Maybe Steampunk Is Becoming Too Political After All?

When I argued we should avoid letting our real-world political differences kill steampunk, I was accused of tone policing, caring only about white and straight people (I’m gay), hating on steampunk that doesn’t put straight, white, wealthy imperialism at the forefront, prioritizing the hurt feelings of those who want to oppress others; I was called naive, a racist, the son of skinheads and a complete and utter jackass. (This coming from the sort of people who insist they’re trying to make steampunk a “safe space” for “diverse” points-of-view.)

Steampunk performer Professor Elemental wrote an op-ed for The Steampunk Explorer arguing I was freaking out for no reason and steampunk was doing “better than ever.” Bill Bodden wrote an opinionated blog post, in which he dismissed me as an opinionated blogger and insisted that “new enthusiasts are coming in all the time.” Cora Buhlert argued that if steampunk is changing, that’s a good thing, “because the static genres are the ones that are close to death.”

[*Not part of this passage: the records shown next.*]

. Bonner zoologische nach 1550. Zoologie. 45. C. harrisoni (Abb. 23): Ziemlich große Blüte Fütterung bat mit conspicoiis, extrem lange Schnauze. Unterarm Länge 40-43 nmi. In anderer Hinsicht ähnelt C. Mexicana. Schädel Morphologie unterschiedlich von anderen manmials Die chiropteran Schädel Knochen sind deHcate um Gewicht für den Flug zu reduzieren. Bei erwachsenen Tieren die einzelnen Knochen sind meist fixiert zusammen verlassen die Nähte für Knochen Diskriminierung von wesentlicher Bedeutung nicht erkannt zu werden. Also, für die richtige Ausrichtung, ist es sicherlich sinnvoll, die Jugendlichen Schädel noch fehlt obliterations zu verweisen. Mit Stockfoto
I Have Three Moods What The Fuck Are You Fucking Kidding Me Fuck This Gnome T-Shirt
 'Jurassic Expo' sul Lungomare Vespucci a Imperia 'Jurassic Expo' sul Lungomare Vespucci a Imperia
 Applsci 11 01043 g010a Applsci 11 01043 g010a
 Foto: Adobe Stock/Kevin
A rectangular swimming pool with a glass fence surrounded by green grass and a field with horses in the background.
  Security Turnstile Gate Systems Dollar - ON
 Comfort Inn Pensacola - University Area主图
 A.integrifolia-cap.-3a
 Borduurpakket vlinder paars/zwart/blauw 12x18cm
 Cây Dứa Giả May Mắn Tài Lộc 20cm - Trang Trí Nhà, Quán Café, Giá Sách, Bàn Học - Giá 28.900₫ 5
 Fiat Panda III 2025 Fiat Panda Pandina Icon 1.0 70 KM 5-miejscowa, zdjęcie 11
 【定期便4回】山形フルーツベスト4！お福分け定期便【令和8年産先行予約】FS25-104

Yet here we are, one year later, and the same Professor Elemental reports that steampunks are leaving the scene because of political rifts. He speaks from an UK experience, where Brexit has sorted people into opposing camps. The divisiveness and polarization is even worse in the United States.

Elemental’s advice?

  • Don’t walk away from steampunk or exclude people just because of the odd wrong opinion.
  • People who disagree with you are not deserving of hate.
  • Steampunk is and should be for (almost) everyone. If we want our little subculture to thrive, we need to work hard to bring people together wherever we can. (Excluding actual bigots.)

I suppose I should know better than to expect Elemental to be canceled for suggesting anything so outrageous. Let’s hope his appeal will be taken more seriously than mine.